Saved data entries
********

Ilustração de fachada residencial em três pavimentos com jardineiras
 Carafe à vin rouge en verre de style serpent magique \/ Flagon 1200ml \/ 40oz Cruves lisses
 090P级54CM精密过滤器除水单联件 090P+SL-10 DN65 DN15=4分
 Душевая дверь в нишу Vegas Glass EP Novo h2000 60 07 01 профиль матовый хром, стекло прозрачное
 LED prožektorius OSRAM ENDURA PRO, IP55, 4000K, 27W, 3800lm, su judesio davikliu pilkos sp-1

********

• _Problem to work on_: Precisely the line with "090P级54CM精密过滤器除水单联件 090P+SL-10 DN65 DN15=4分" and the lines after it, up to the last line of the entries above, are to be reproduced, and nothing more.

• _Solution_:
 090P级54CM精密过滤器除水单联件 090P+SL-10 DN65 DN15=4分
 Душевая дверь в нишу Vegas Glass EP Novo h2000 60 07 01 профиль матовый хром, стекло прозрачное
 LED prožektorius OSRAM ENDURA PRO, IP55, 4000K, 27W, 3800lm, su judesio davikliu pilkos sp-1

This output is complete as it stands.